§ **Problem requirements**:
Retype the records below exactly as given, but only from the first line through the line with "Patek Philippe 10-110", and without the pictures.
*** Data extract ***
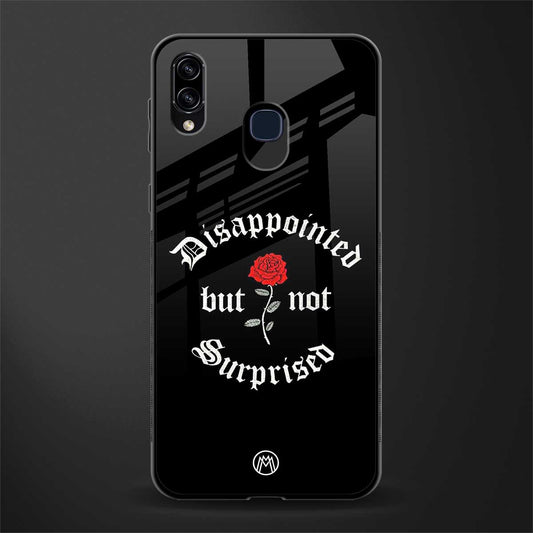 disappointed but not surprised glass case for samsung galaxy a30 image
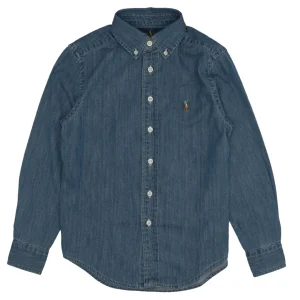 Camicia in chambray di cotone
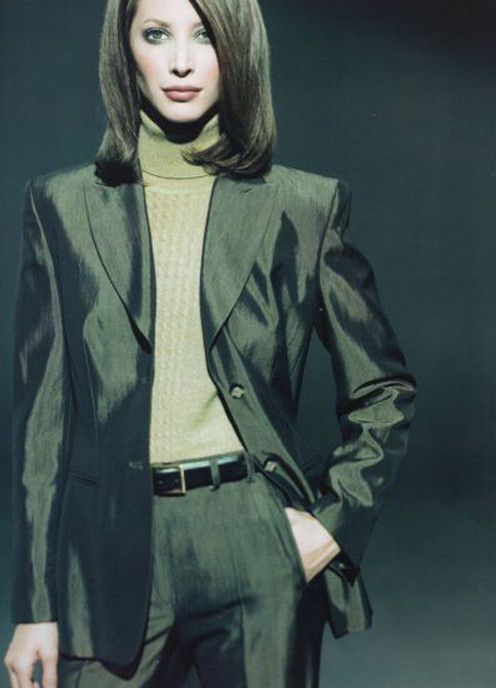 Christy Turlington featured in  the mondi advertisement for Autumn/Winter 1998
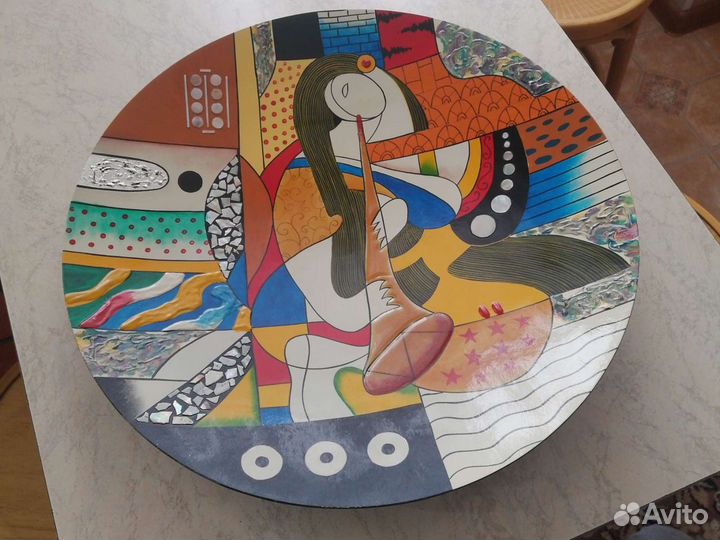 Декоративная тарелка-картина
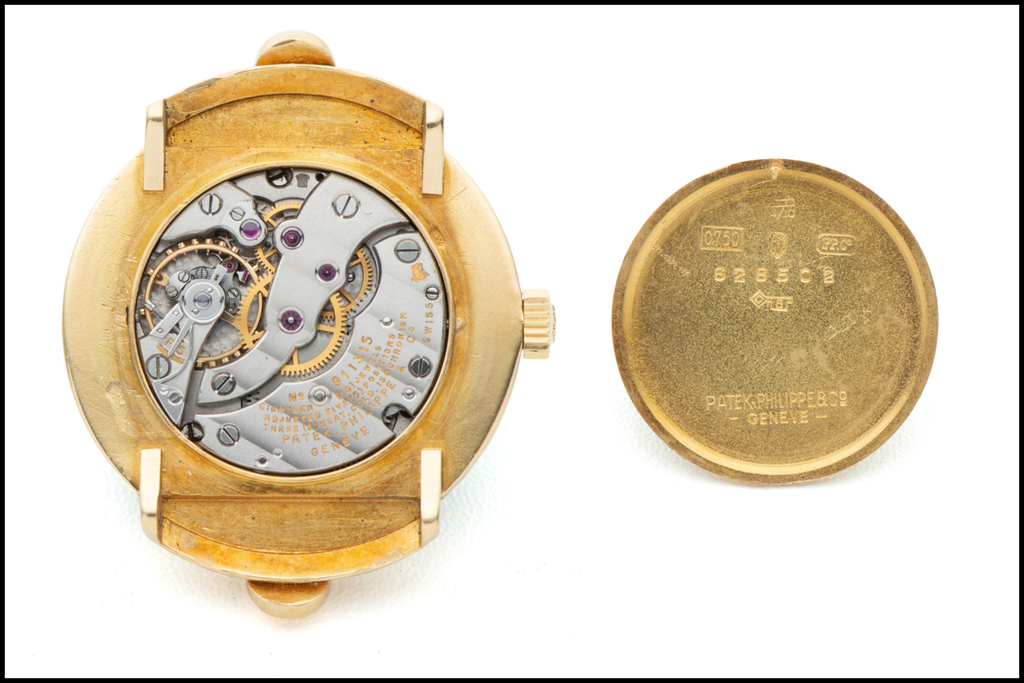 Patek Philippe 10-110 Movement of a vintage reference 1550 with caseback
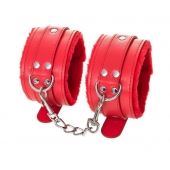 Красные оковы Anonymo из искусственной кожи - ToyFa - купить с доставкой в Кемерово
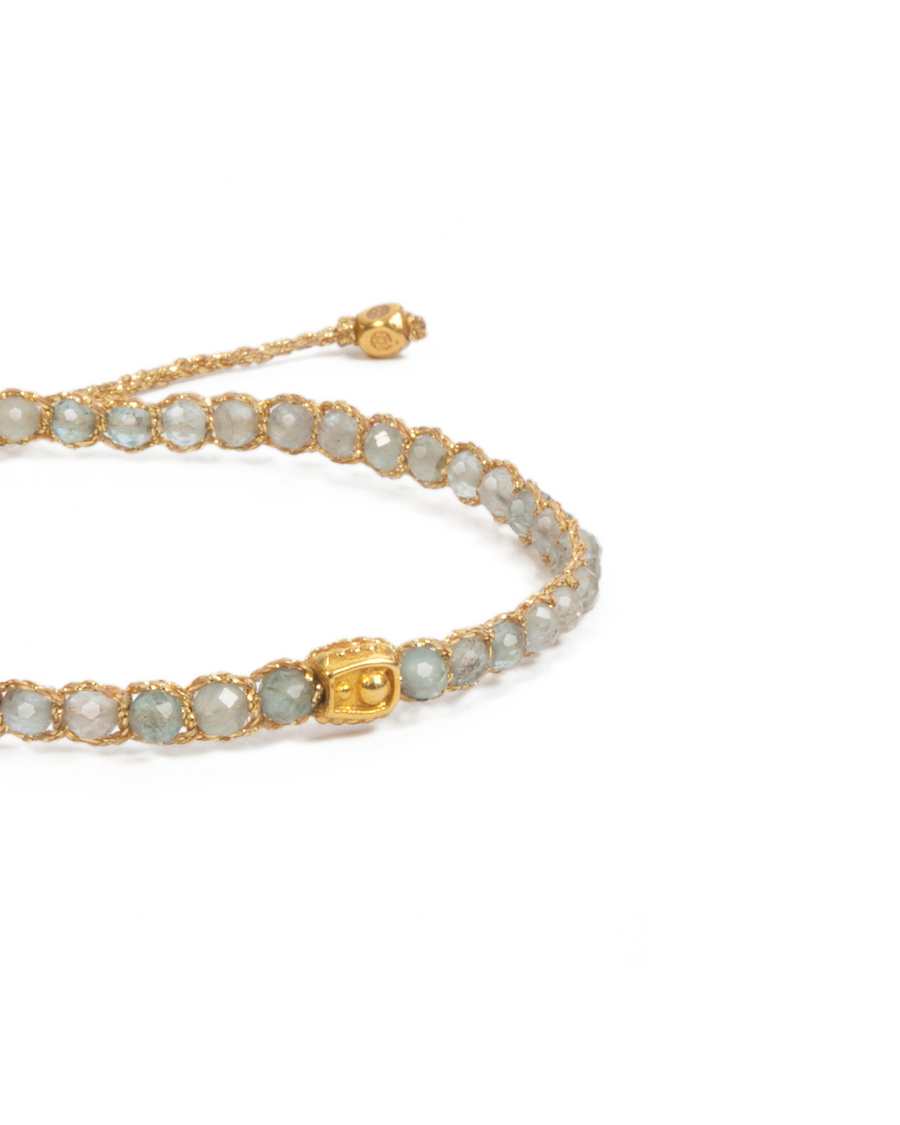 Light Apatite Bracelet | Gold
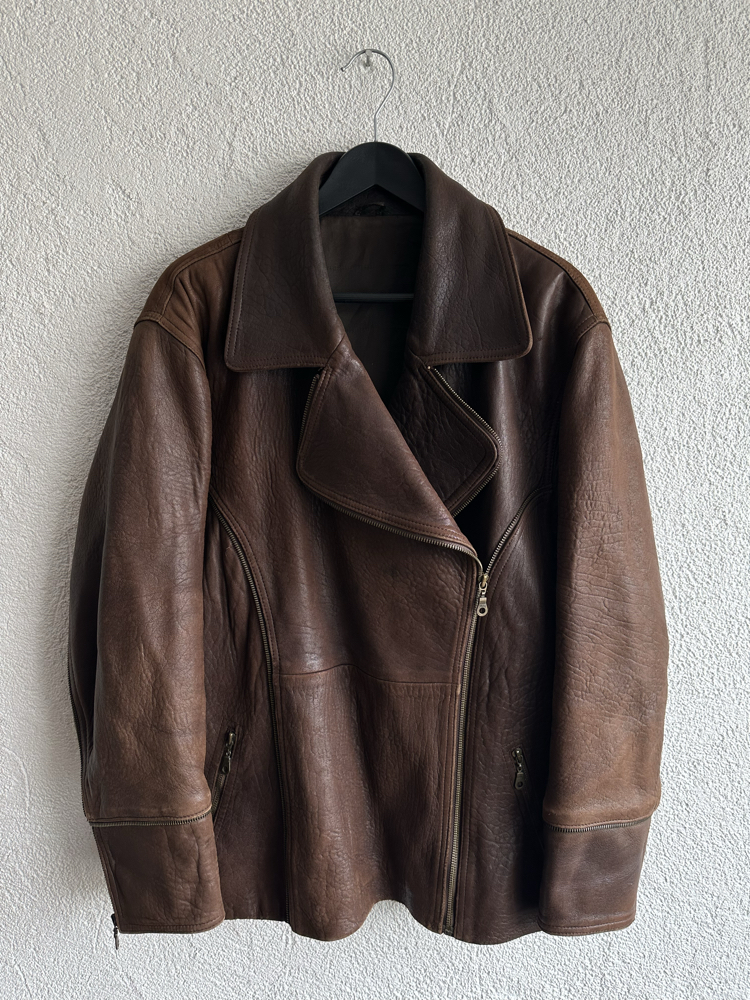 Vintage Biker Deri Ceket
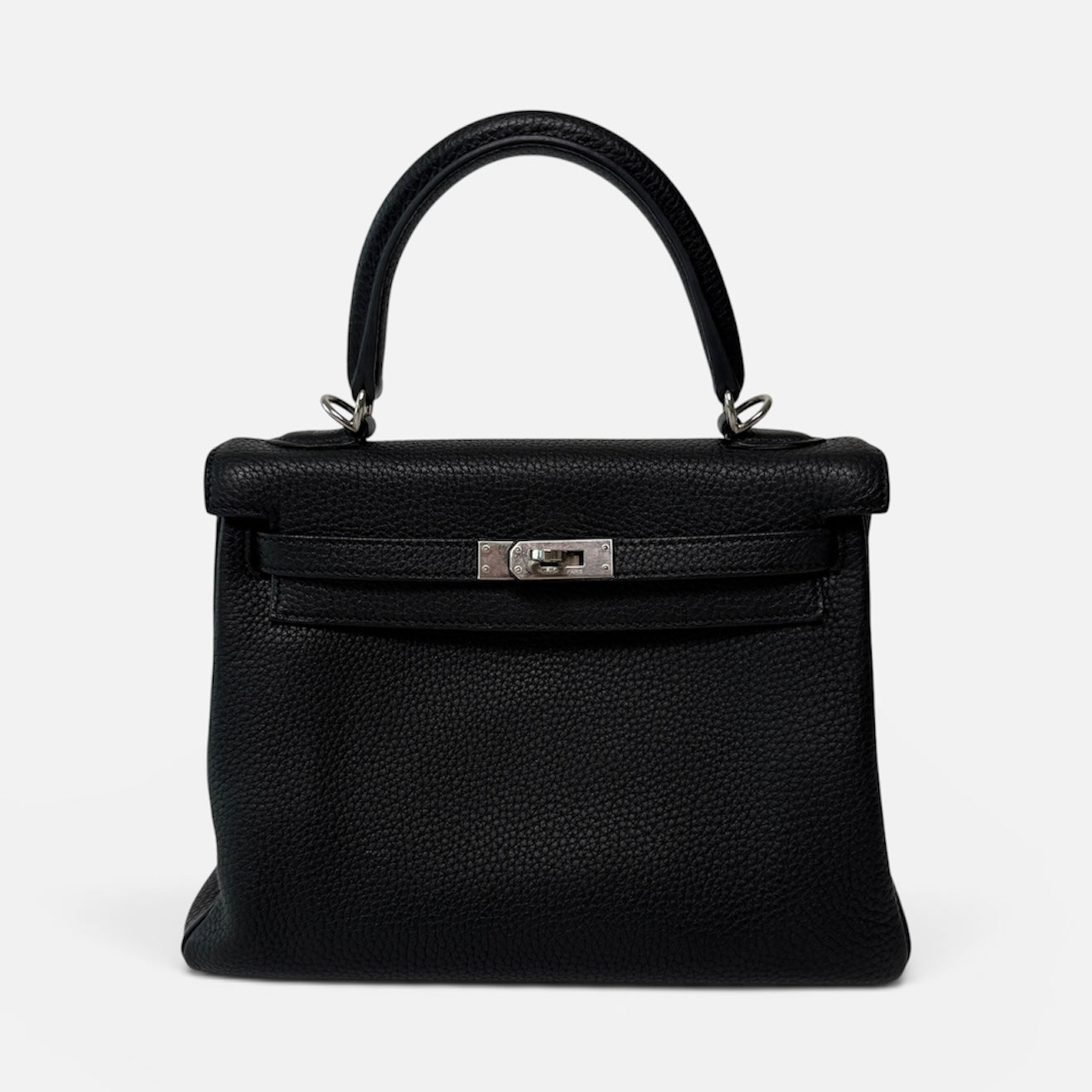 Hermès Kelly 25 In Nior Togo Leather With Palladium Hardware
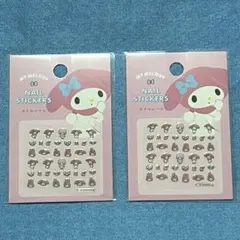 【2個】マイメロ❤️ネイルシール【新品未使用】人気　シール帳　ネイル　マイメロディ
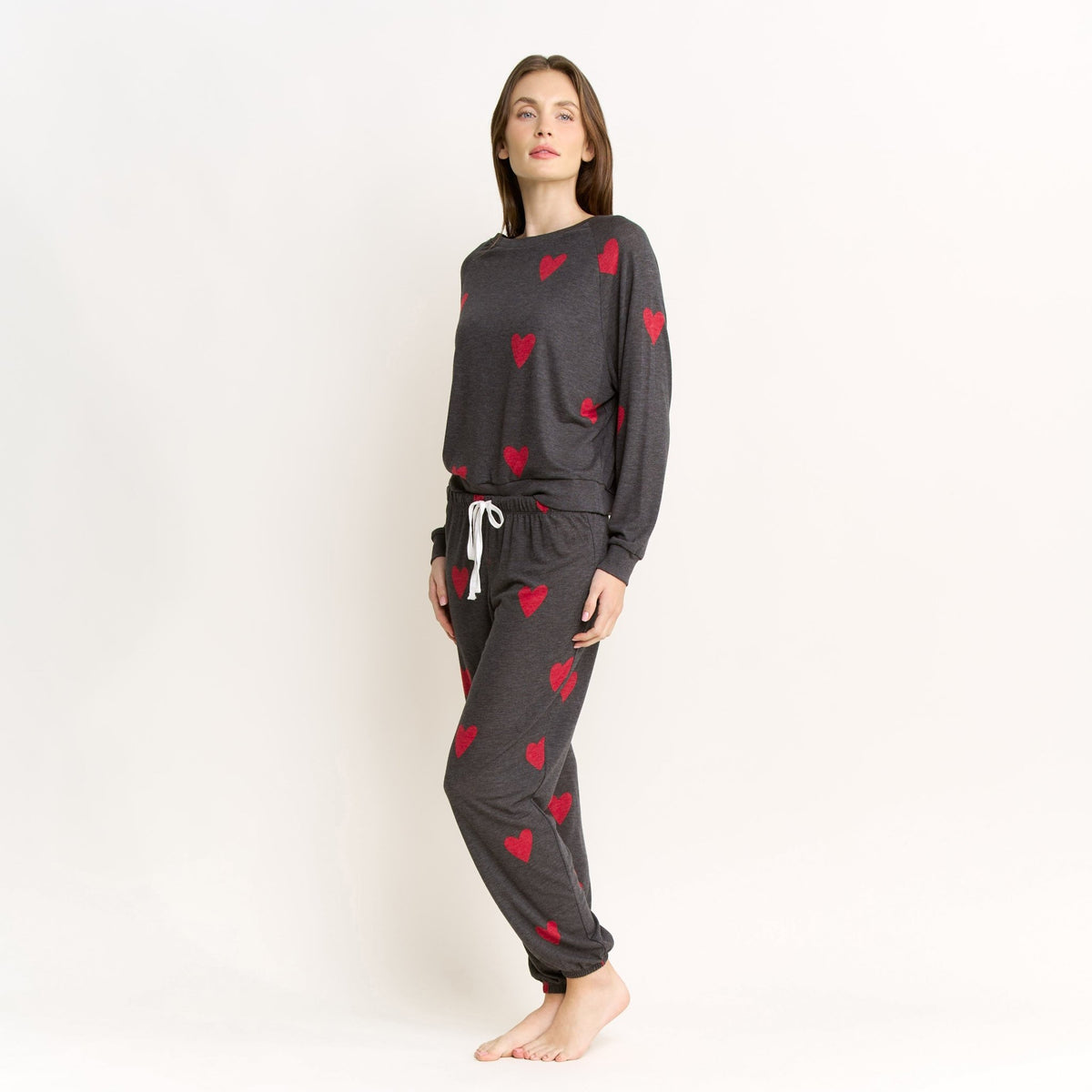 Star Seeker Long Set in Valentine Hearts - Sleepwear & Loungewear -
*** End of Data extract ***
§ **Exercise result**:
 disappointed but not surprised glass case for samsung galaxy a30 image
 Camicia in chambray di cotone
 Christy Turlington featured in  the mondi advertisement for Autumn/Winter 1998
 Декоративная тарелка-картина
 Patek Philippe 10-110 Movement of a vintage reference 1550 with caseback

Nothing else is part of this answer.